CDX-301b · Module 1

Network Policies & Exec Restrictions

3 min read

Network access in Codex is binary at the command level: a command either gets network access (allow-network) or it does not (allow). There is no middle ground — no domain allowlists, no port restrictions, no protocol filtering. This means an allow-network command can reach any host on any port. The security implication is clear: every allow-network rule is a potential data exfiltration channel. A command like "curl" with network access can send project data to any external server.

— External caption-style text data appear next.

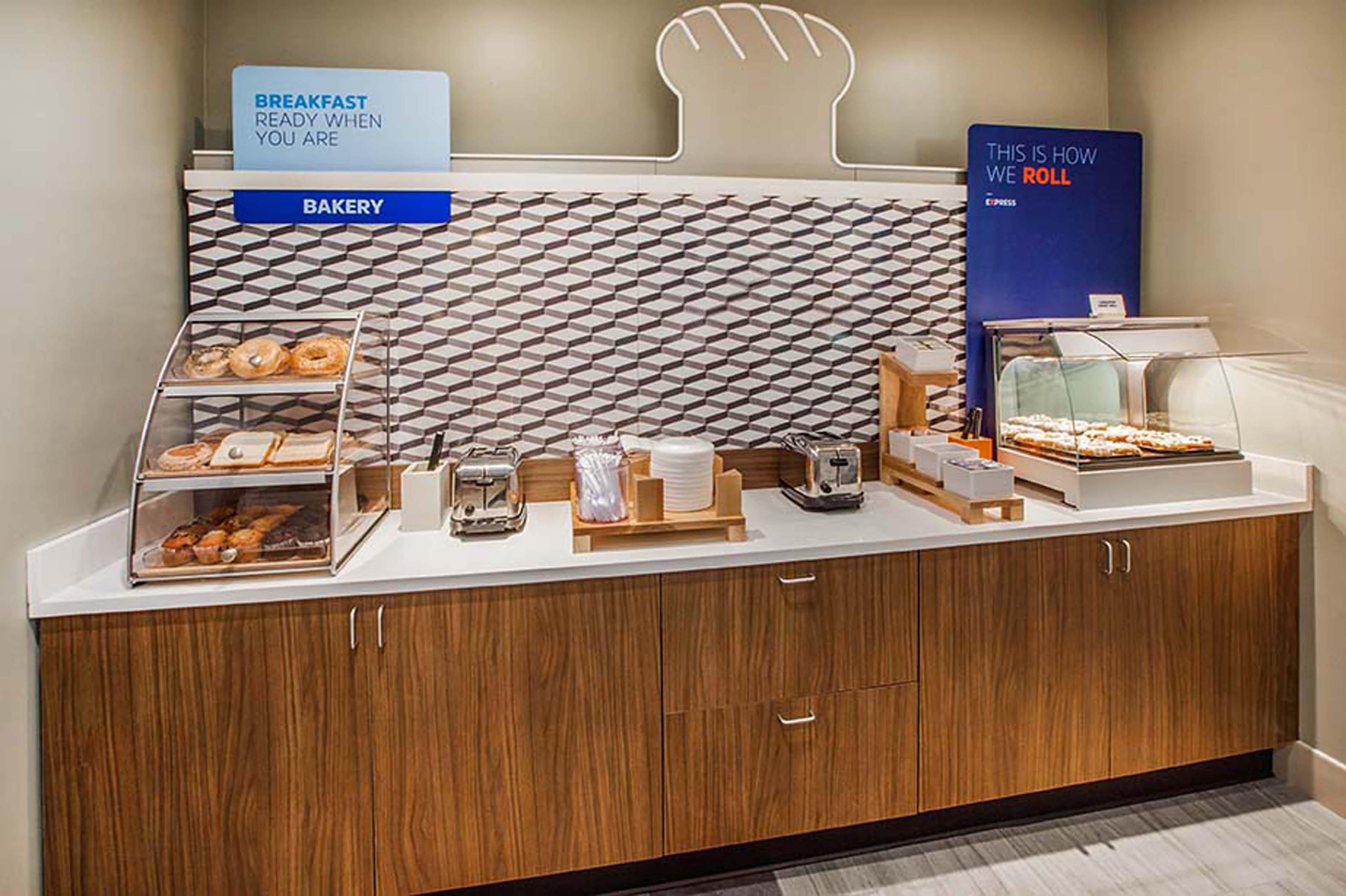 Holiday Inn Express Redwood National Park By Ihg Klamath Dış mekan fotoğraf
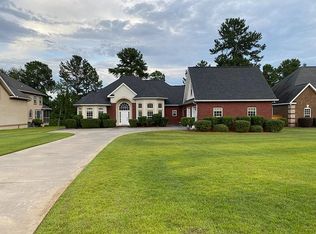 201 Stratford Hills Dr, Bonaire, GA 31005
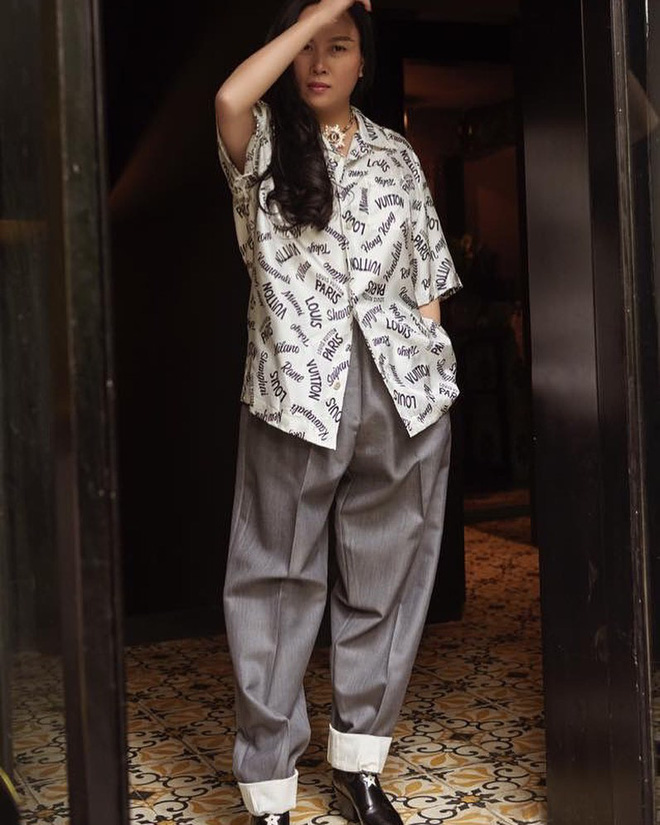 Ngoài 40 vẫn bung lụa diện crop top cho bằng chị bằng em, Phượng Chanel gây choáng vì eo thon bất ngờ-13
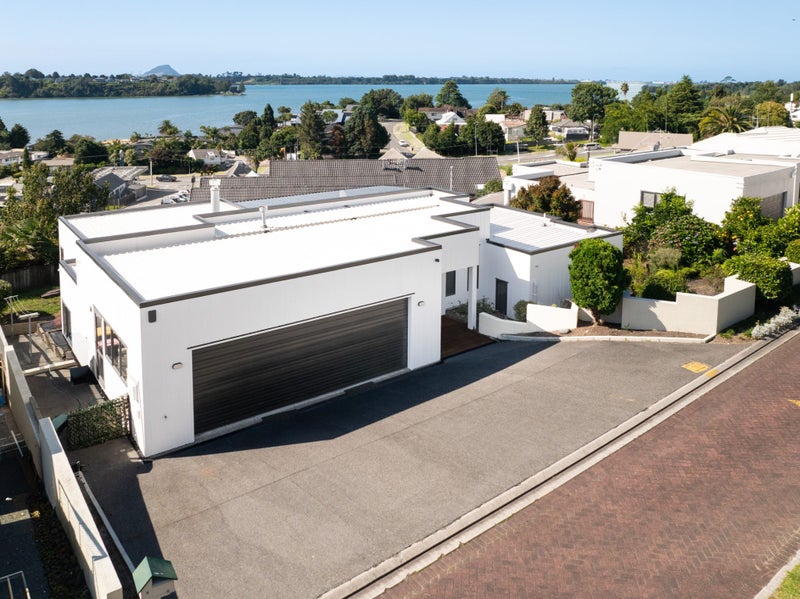 8 Lorrigan Way, Welcome Bay, Tauranga - Carousel 2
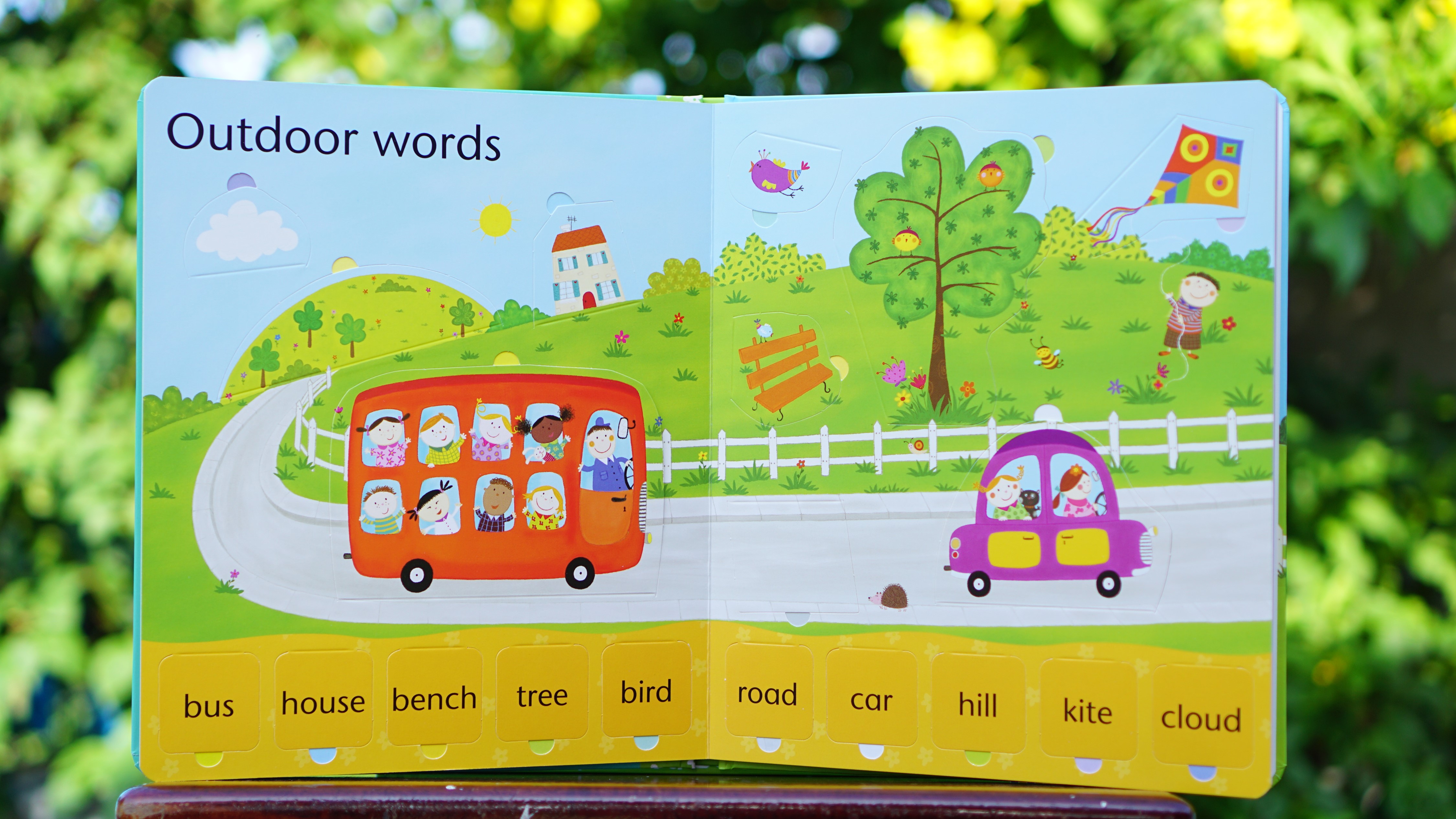 Sách Lift-the-Flap Word Book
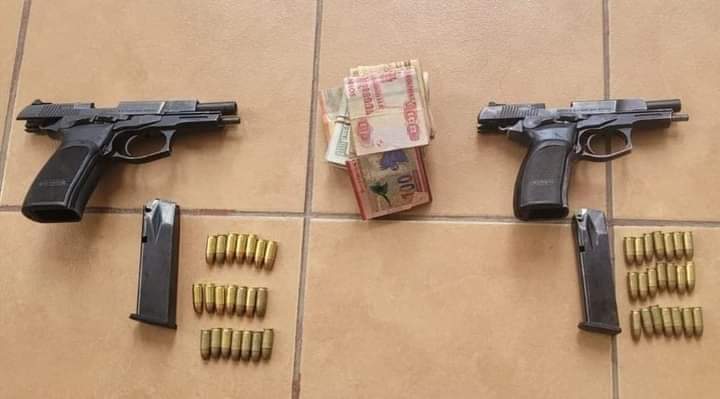 Tarija: Militares interceptan dos camiones que transportaban contrabando con custodia armada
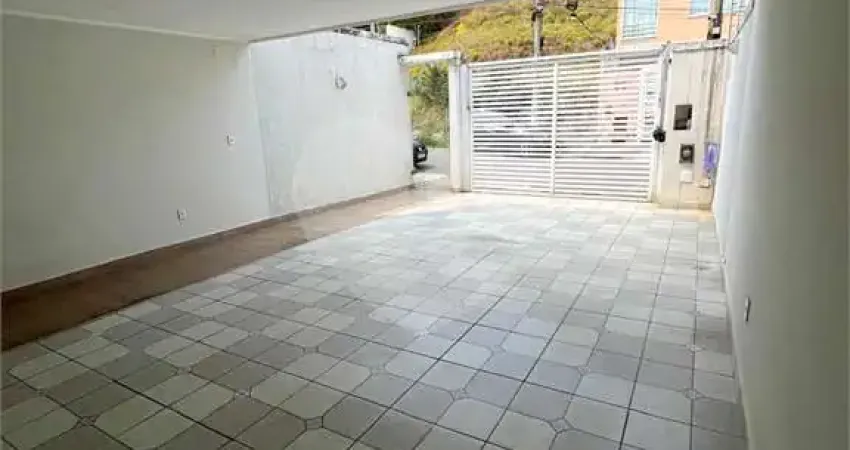 Casa com 3 quartos à venda em Jardim Belvedere - RJ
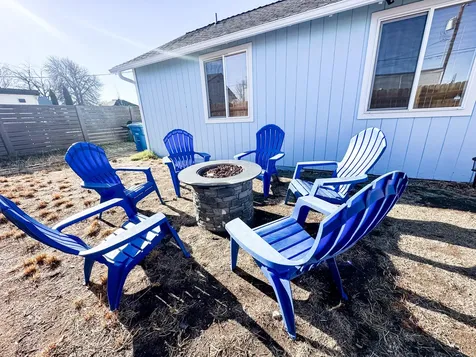 323 NW 6th Street Redmond OR 97756
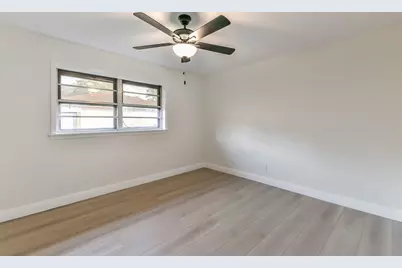 8102 Dellanera Drive, Hitchcock, TX 77563 - Photo 31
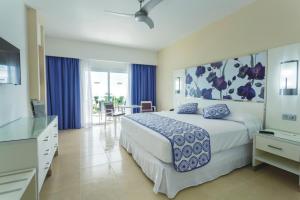 Postel nebo postele na pokoji v ubytování Riu Playacar - All Inclusive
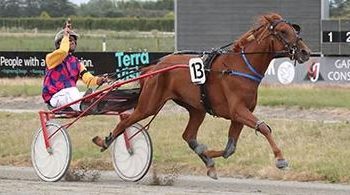 Emotional victory dedicated to young Effie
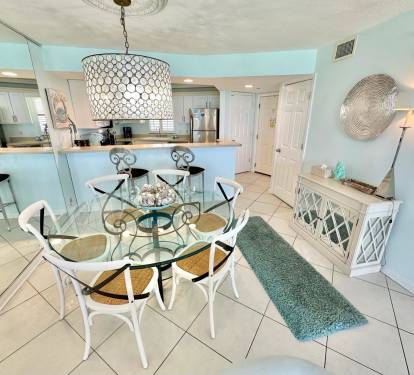 Dining area seating for 6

Exec restrictions go beyond network access. The sandbox prevents process spawning outside the allowed command set, blocks access to system-level resources (raw sockets, device files, kernel interfaces), and restricts inter-process communication. In workspace-write mode, Codex cannot install system packages, modify system configs, or start persistent services. These restrictions are enforced at the OS level (Seatbelt on macOS, Bubblewrap on Linux) and cannot be bypassed from within the sandbox.

# Network policy: minimal allow-network surface
[execpolicy]
# Only these commands get network access
"npm ci" = "allow-network"          # Package install (needs registry)
"npm install" = "allow-network"     # Package install
"git push *" = "allow-network"      # Push to remote
"git pull" = "allow-network"        # Pull from remote
"git fetch *" = "allow-network"     # Fetch from remote

# Everything else: local only
"npm test" = "allow"
"npm run *" = "allow"
"npx *" = "allow"
"node *" = "allow"
"git *" = "allow"                   # Catch-all git (local ops)

# Explicitly deny network-capable tools
"curl *" = "deny"
"wget *" = "deny"
"nc *" = "deny"
"ssh *" = "deny"
"scp *" = "deny"
  1. Map network needs List every command that requires network access. For each, document why it needs network. If you cannot justify it, it should be allow-only.
  2. Block exfiltration tools Add explicit deny rules for curl, wget, nc, ssh, scp, and any other tool that can transmit data. If you need curl for a specific purpose, allowlist the exact command.
  3. Test the boundary Run Codex and ask it to fetch a URL or install a package. Verify that blocked commands fail and allowed commands succeed. Check the error message is clear.